El caso de Quintana Castillo, quizás el último de nuestros
pintores que llena la condición de crítico y fabulador, es elocuente. La reflexión
más importante que se ha hecho en torno a su pintura ha sido propuesta por él mismo;
y de allí la importancia de oírle y, en algunos casos, de dejar que sea él quien
hable, tal como lo ha venido haciendo en sus textos publicados en catálogos, libros,
revistas o dichos por la radio.
En todo lo que dice reafirma más o menos este principio.
Mientras nos mantenga ocupados en los misterios que encierra, la pintura seguirá
siendo objeto de nuestros desvelos.

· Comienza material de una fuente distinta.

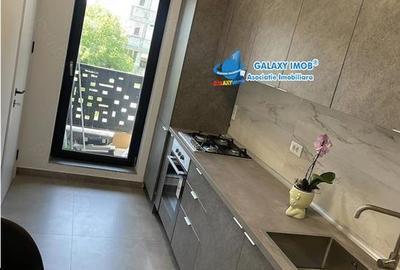 Grand arena | 1cam 40mp etaj 1 nou 2025 centrala AC balcon metrou - 5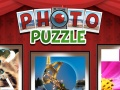 Hra Fotopuzzle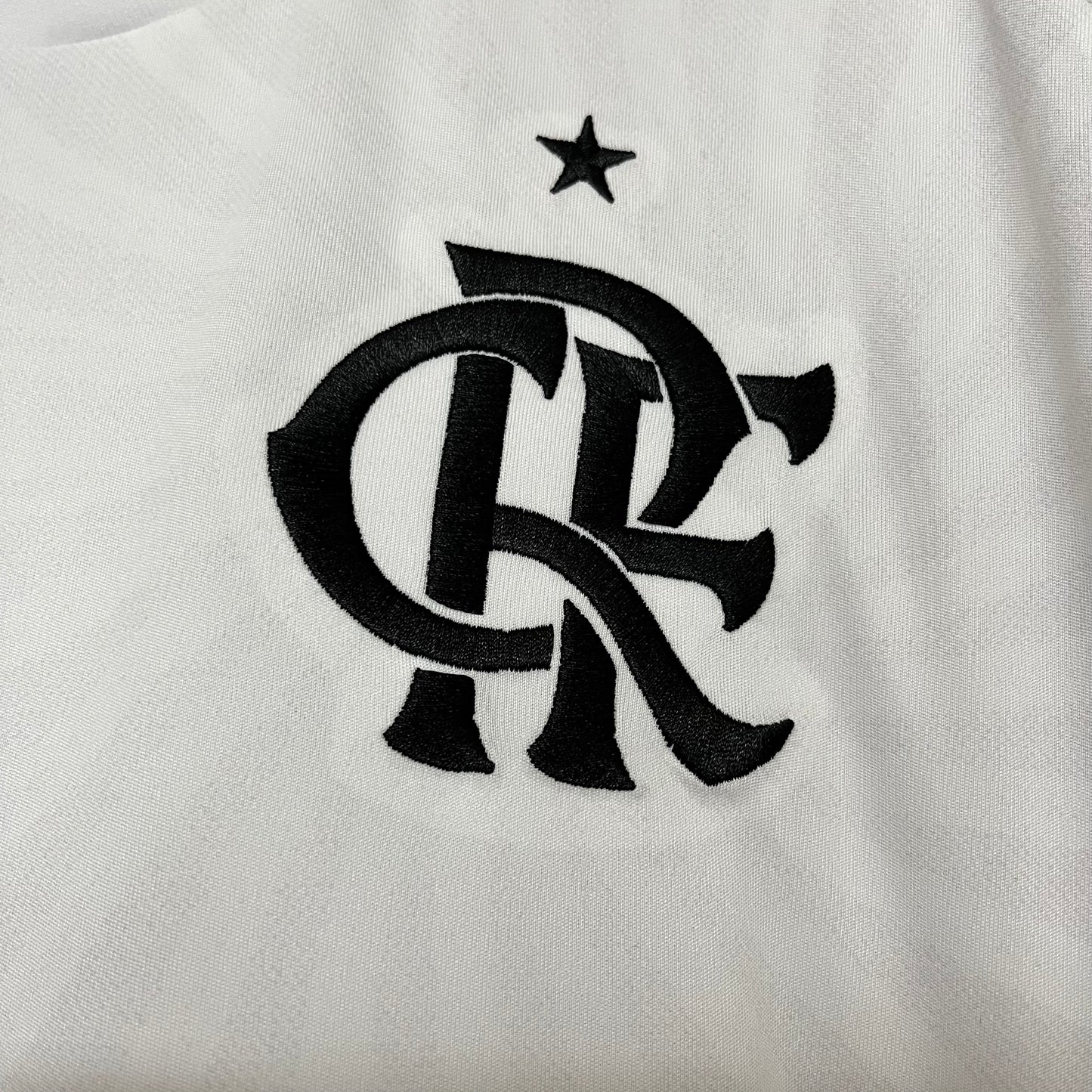 Camisa Flamengo 2 - 2024/25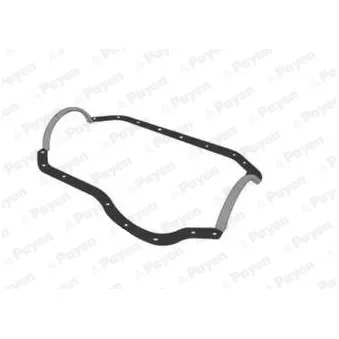 Joint d'étanchéité, carter d'huile PAYEN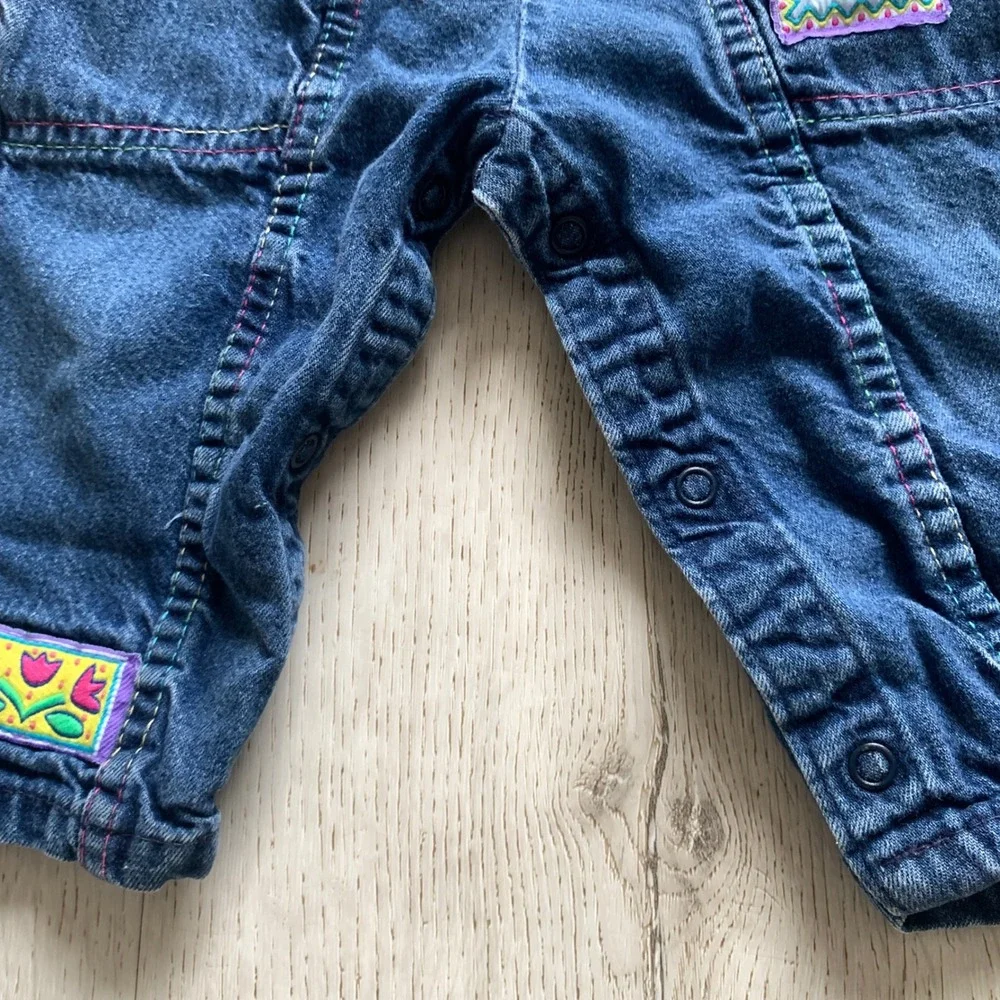 OshKosh Bgosh great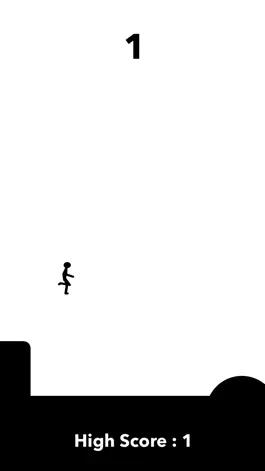Game screenshot Stick-Jump hack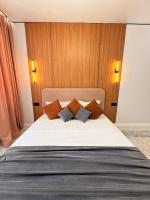 Arena Garden Stay - B&B Astana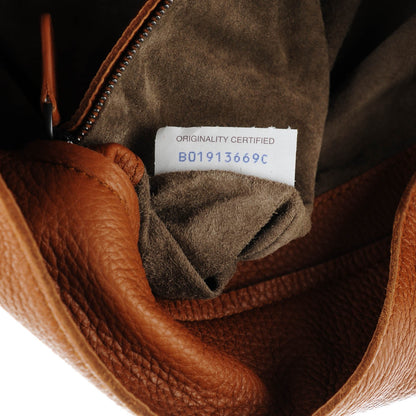 Bottega Veneta Washed Cervo Large Hobo 8 of 8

Esto es tan evidente como el que no puede haber
pintura sin cuadro. El cuadro es la realidad de la pintura, su forma primera de
objetivación. Es lo que nos permite que creamos en ella y que la sigamos haciendo.
También es en el taller donde se comprueba que en cualquiera
de sus etapas la obra de un artista se plantea como síntesis de experiencia y presente.
Cada cuadro resume todos los pasos dados (otras obras, etapas, movimientos) para
llegar a él. Es este hecho particular, surgido de las condiciones del taller y en
el punto en que cada obra se muestra como resultado de un proceso (del proceso de
donde está surgiendo) lo que Quintana llama “acontecimiento” para referirse a sus
nuevas pinturas. El acontecimiento es el presente dinámico en que el pintor se ve
involucrado cuando se ocupa de registrar en el soporte todo lo que va experimentando
frente a él. Mientras se hace, esa es la manera natural de la pintura comunicarse
con el tiempo. Pues un cuadro no es solo una realidad en sí misma, sino una realidad
comunicable y en comunicación. Su existencia se ofrece como apertura y continuidad,
ya que del mismo modo que espera la mirada del espectador para completarse, también
se nos manifiesta como fragmento de una superficie mayor, de la cual el cuadro es
portador de una pieza importante del rompecabezas llamado realidad. Así también
el trozo de paisaje que descubrimos al ver por una ventana no es todo el paisaje.
Y por esto el cuadro es acontecer: porque se articula a un todo, fuera y dentro
de la percepción del pintor. Como realidad subjetiva y como realidad objetiva.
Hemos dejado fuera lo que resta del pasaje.